The Thing About Tasting Notes
plus three fantastic rosé wines from Domaine Grosbois, Mathilde Chapoutier, and Weis Vineyards
Mamma mia, where does the time go? Summer is flying by. After weeks of non-stop travel, I’m relishing the opportunity to wind down and relax. And on these sticky and sweaty New York days, I find myself sipping a lot of rosé. Forgive me for sounding like a broken record, but here I go again: Rosé can and should be enjoyed all year-long, but there’s no denying that pretty pink wines are a perfect match with the summer season.

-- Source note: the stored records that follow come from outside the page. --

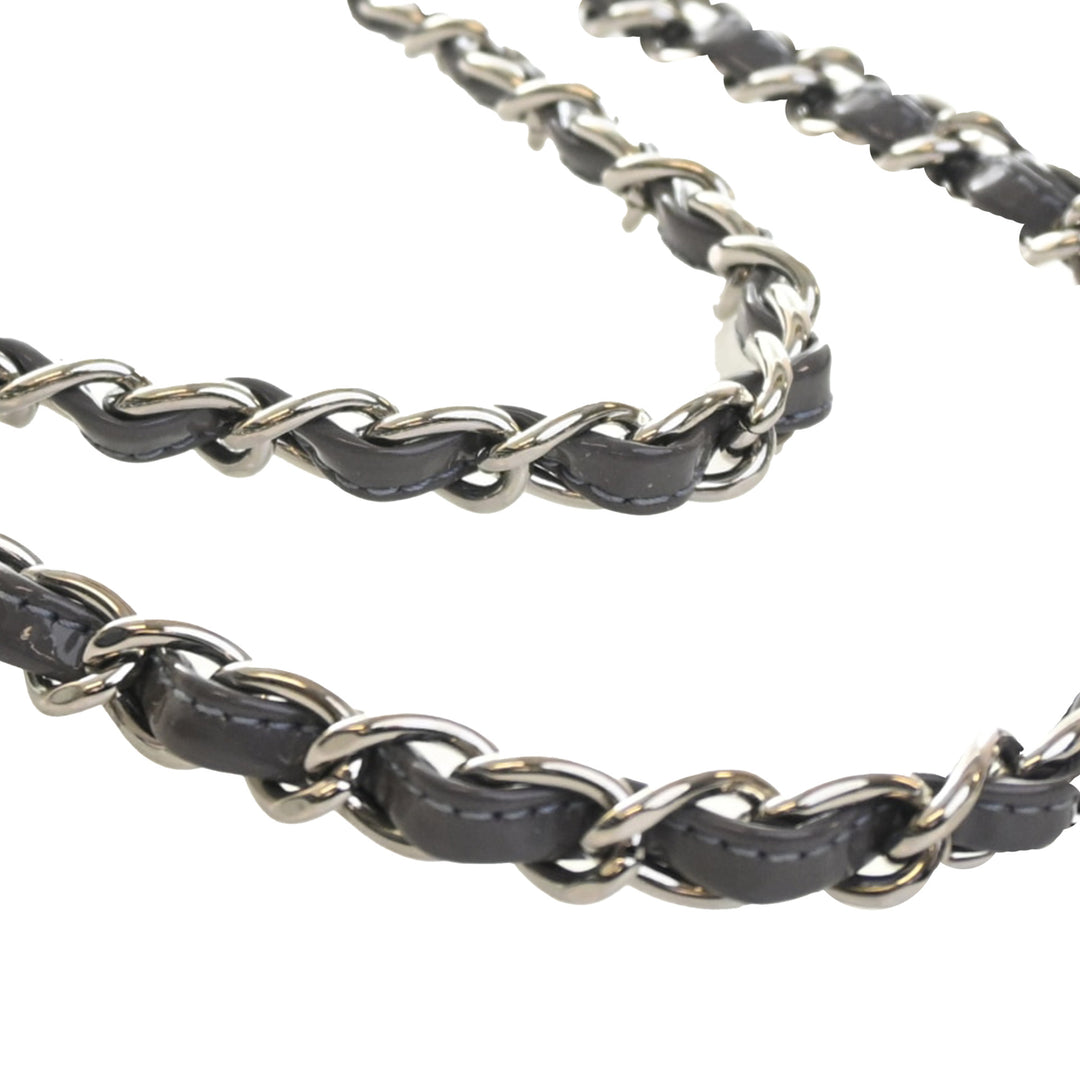 Chanel Jumbo Classic Striped Cuir verni Double rabat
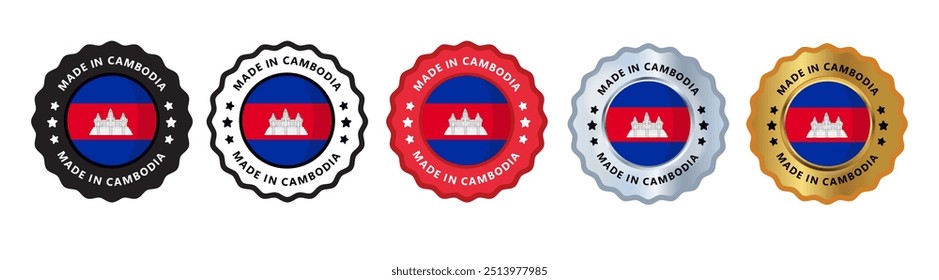 Made in cambodia set of sign stamp badge, with varian color red, silver, gold, black suitable for products manufactured, military, agriculture or food vector illustration eps editable text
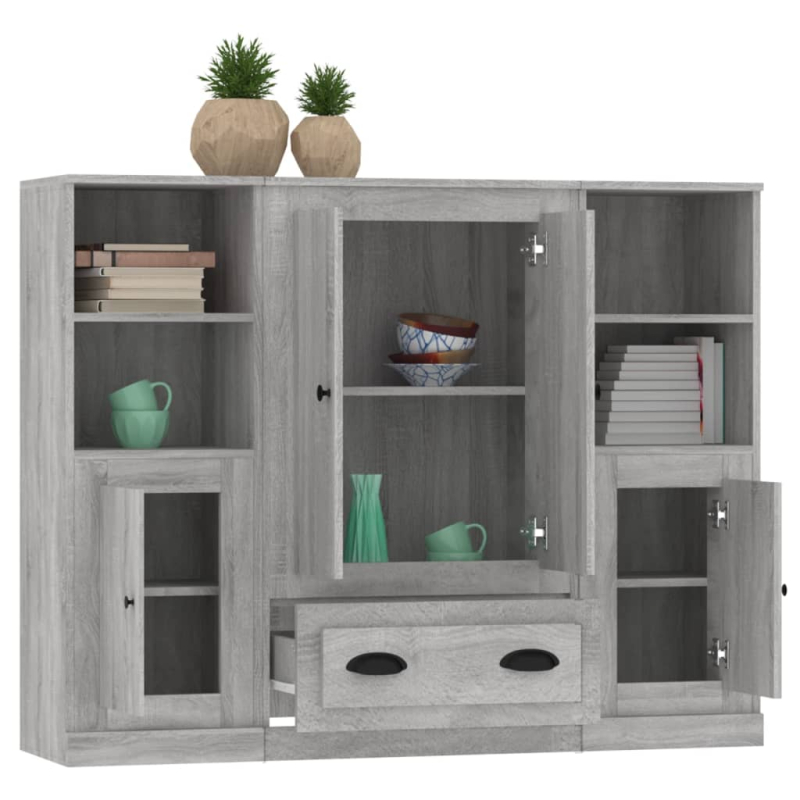 Highboards 3 Stk. Grau Sonoma Holzwerkstoff
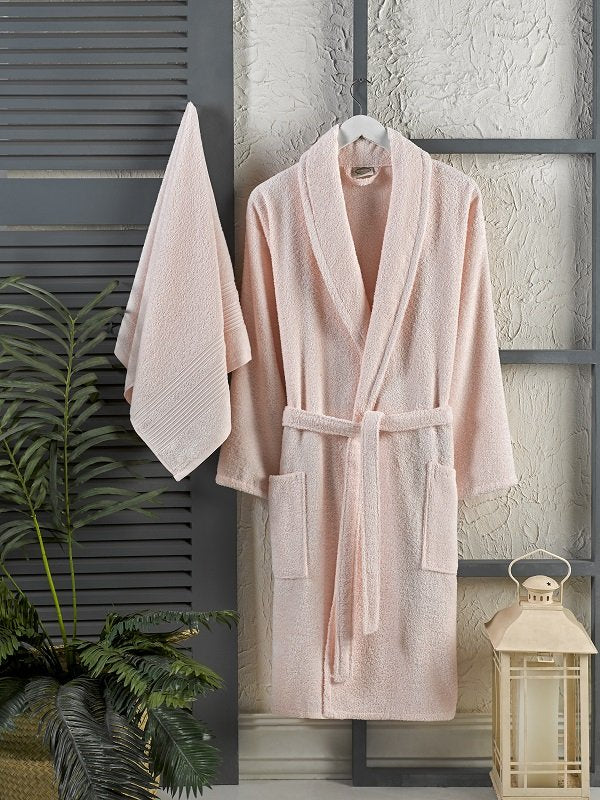 Elevate Your Comfort: Bolbor 2-Piece Cotton Boucle Grey Unisex Bathrobe Set for Your Home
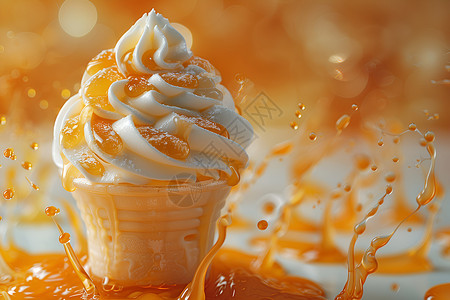 糖浆美食冰淇淋上的糖浆插画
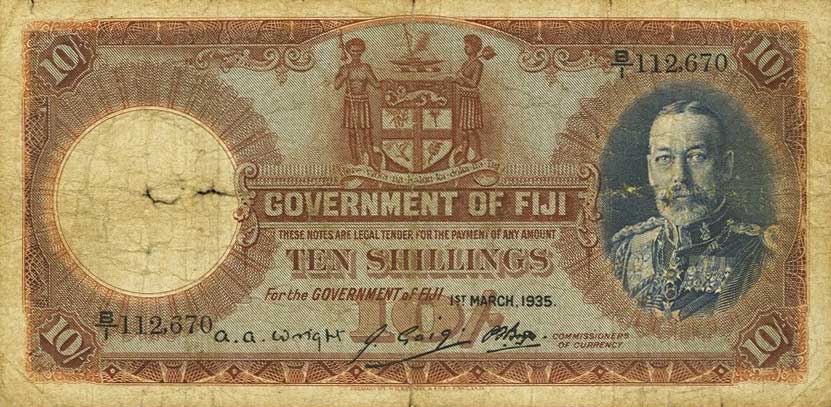 Front of Fiji p32c: 10 Shillings from 1935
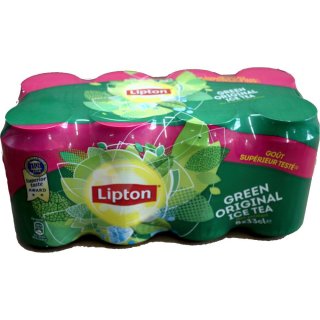 Lipton Ice Tea Green Original 1 Pack á 8 x 0,33l Dose IMPORT (8 Dosen Eistee grüner Tee eingeschweißt)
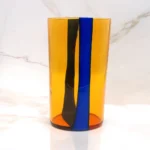 Vase "Zenith" en verre de Murano couleur ambre et bleu - V. Nason & C.
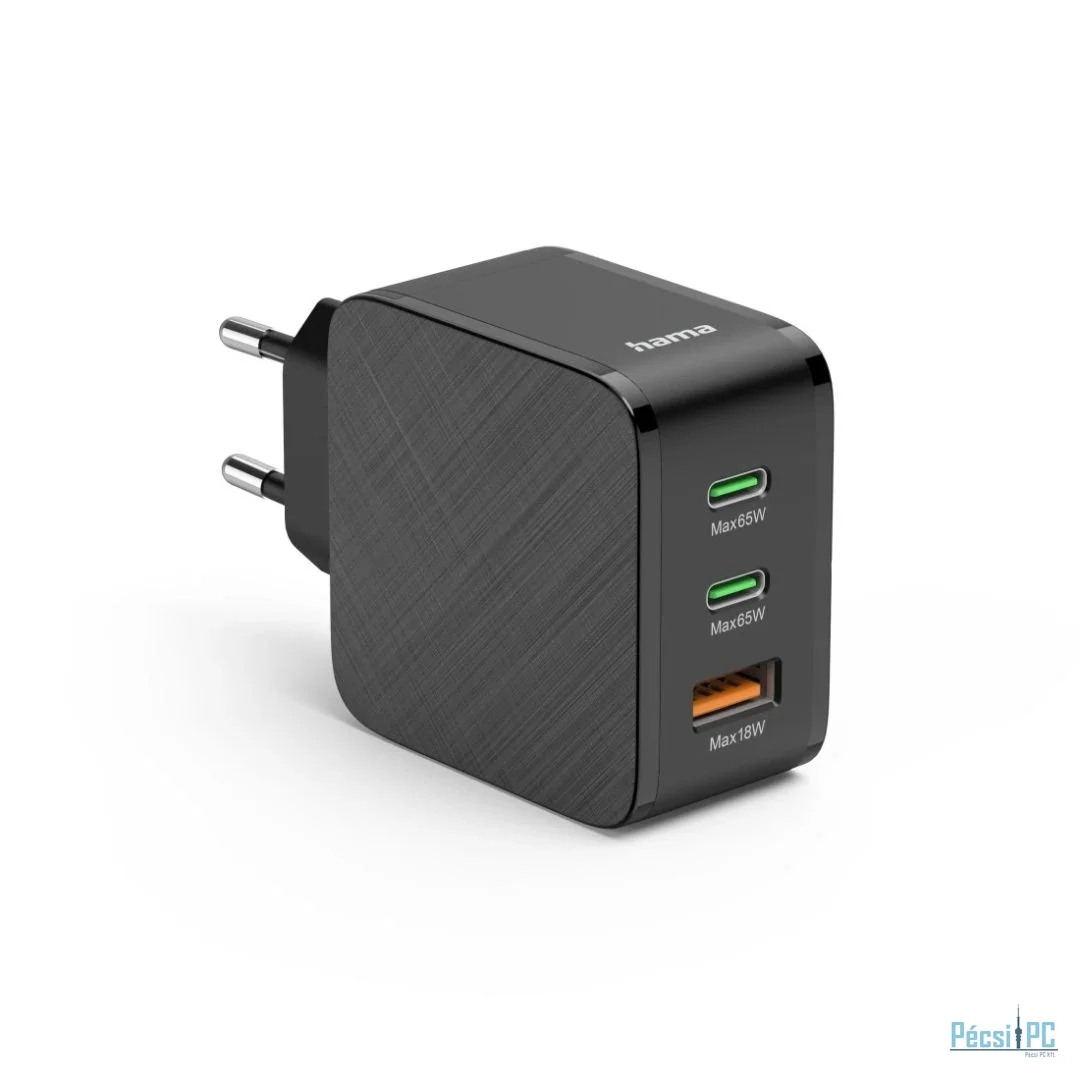 Hama Fast Charger 2x USB-C PD 1x USB-A QC 65W Black
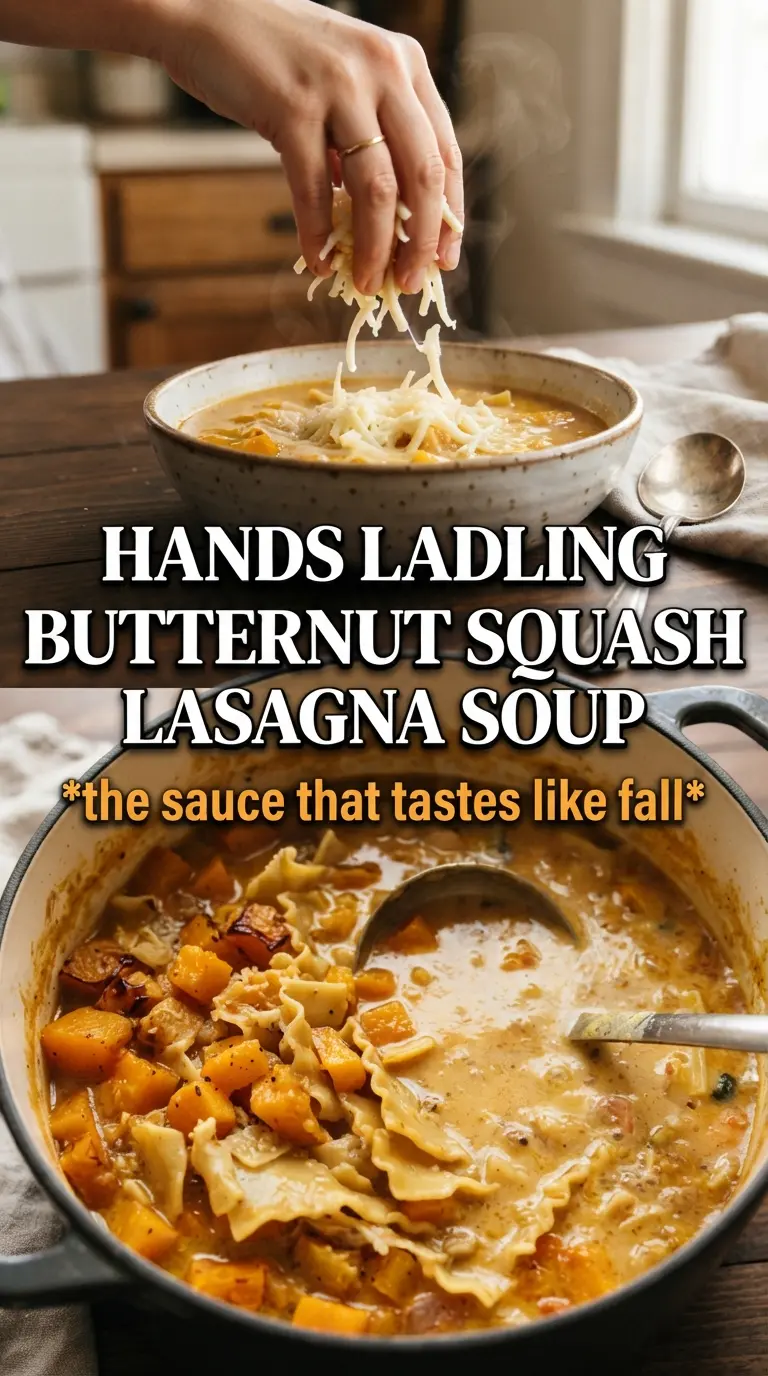 Butternut Squash Lasagna Soup With Kale And Mozzarella creamy noodle soup
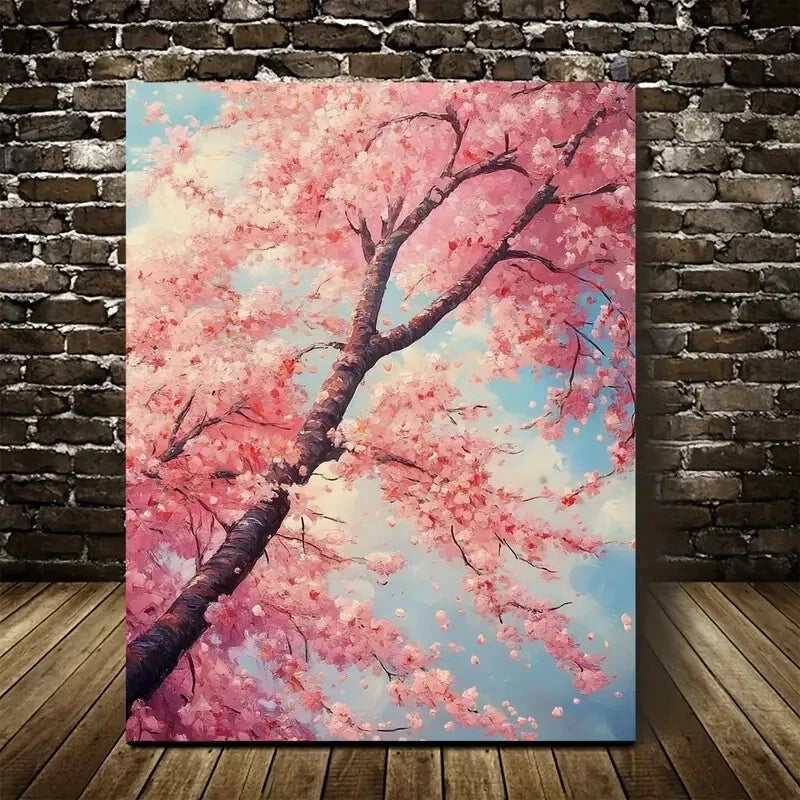 Beautiful Cherry Blossom Vibrant Pink Blossom Painting 40x60cm Metal Print Ready to Hang - Bella Home Decor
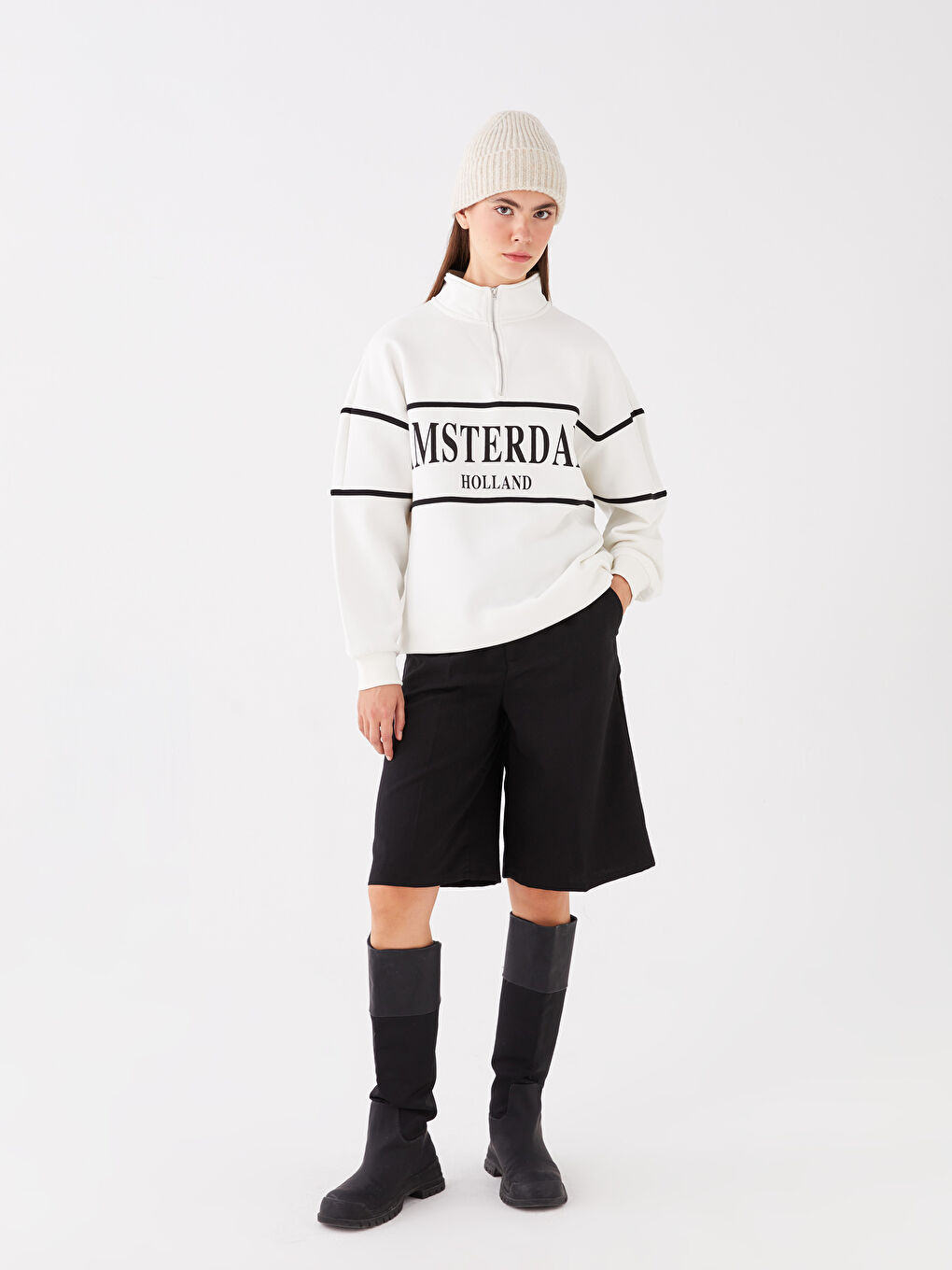 سويت شيرت تخين ياقة قمع مطبوع للسيدات-2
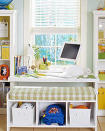 <div class="caption-credit"> Photo by: Martha Stewart</div><div class="caption-title">Homework Station Window Nook</div>So many homework stations face a wall. But here's a room with a view ... to make it easier to daydream, I guess, or perhaps get inspired for that English essay. It's actually much better for concentration and relaxation (during times of stress) to look out at nature and green things. <br> <i><a rel="nofollow noopener" href="http://blogs.babble.com/the-new-home-ec/2012/08/05/14-stylish-and-space-smart-kids-homework-stations/#homework-station-window-nook" target="_blank" data-ylk="slk:Get the inspiration here;elm:context_link;itc:0;sec:content-canvas" class="link ">Get the inspiration here</a></i> <br> <i><b><a rel="nofollow noopener" href="http://blogs.babble.com/kid-scoop/2012/01/25/20-kid-rooms/" target="_blank" data-ylk="slk:Related: The 20 most outrageous kids' rooms EVER;elm:context_link;itc:0;sec:content-canvas" class="link ">Related: The 20 most outrageous kids' rooms EVER <br></a></b></i>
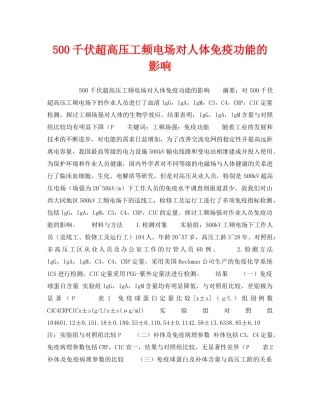 《安全技术》之500千伏超高压工频电场对人体免疫功能的影响 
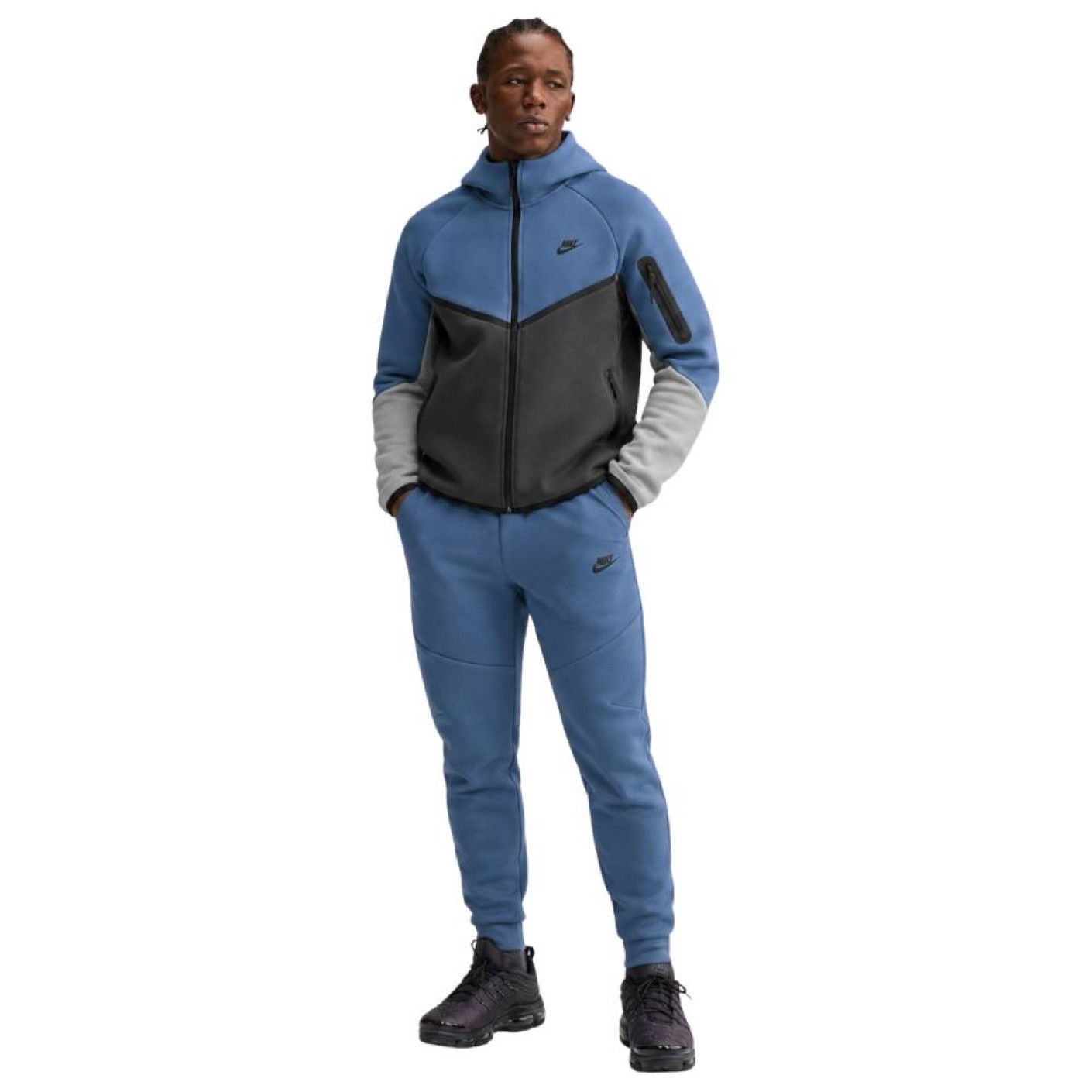 Nike Tech Fleece Sportswear Trainingspak Staalblauw Donkergrijs Lichtgrijs Zwart
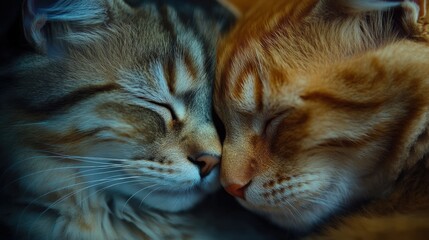 A close-up of two cats snuggling, their noses touching and eyes closed, capturing a tender and loving moment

In June, at the Food & Wine Classic in Aspen, I led the Rosé Gets a Glow Up: The World of Luxe Pink Wines beverage seminar. The seminar featured eight elegant pink wines from around the world: Domaines Ott Château de Selle Côtes de Provence Rosé 2023 ($65), Château d'Estoublon 1489 Roseblood 2023 Provence ($90), Chêne Bleu Le Rosé 2023 (Southern Rhône, $45), Gérard Bertrand Clos du Temple 2022 (Languedoc, $195), Rosa Dolce & Gabbana Donnafugata Sicilia DOC Rosato 2024 (Sicily, $57), Donum Rosé of Pinot Noir 2024 (Sonoma, $50), Gloria Ferrer Carneros Cuvée Rosé 2018 (Sonoma, $94), and Champagne Henriot Brut Rosé ($85). I selected each of these wines, and not only are they delicious, but each also tells the story of a winemaker, region, and style, showcasing the diversity of rosé.
As I was delivering my presentation, I realized that there's a disconnect between what I say and what I write. When I lead a wine tasting, I always encourage people to trust their palates, and I avoid dictating hyper-specific tasting notes. However, the tasting note has long dominated wine writing and has almost become a competitive sport among writers.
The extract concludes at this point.